INSTRUCTIONS FOR THE TASK:
Set the listing down again in full, word for word, with the pictures left out.

SOURCE MATERIAL:

■ ■ ■ ■

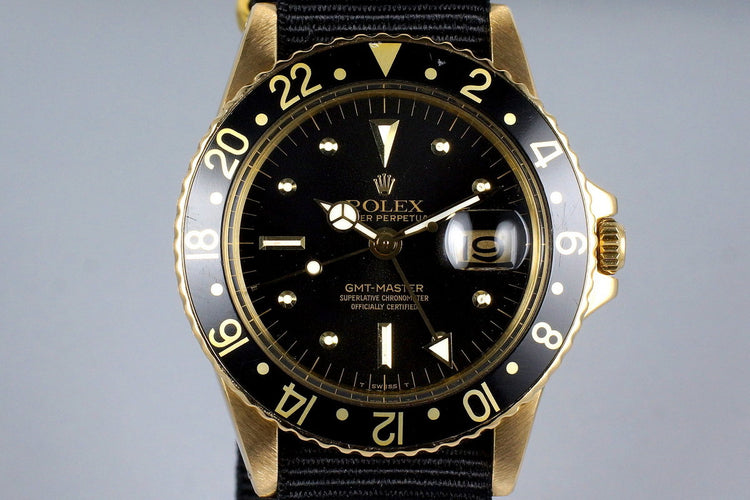 1975 Rolex YG GMT 1675 Black Dial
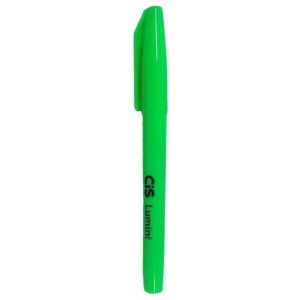 CANETA MARCA TEXTO LUMINI VERDE CIS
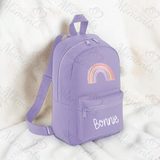 Personalised Kids Rainbow Mini Backpack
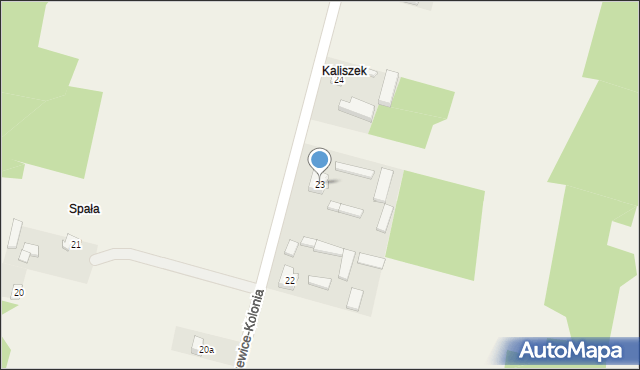 Brudzewice-Kolonia, Brudzewice-Kolonia, 23, mapa Brudzewice-Kolonia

■ ■ ■ ■

ANSWER TO THE PROBLEM:
 1975 Rolex YG GMT 1675 Black Dial
 CANETA MARCA TEXTO LUMINI VERDE CIS
 Personalised Kids Rainbow Mini Backpack
 Brudzewice-Kolonia, Brudzewice-Kolonia, 23, mapa Brudzewice-Kolonia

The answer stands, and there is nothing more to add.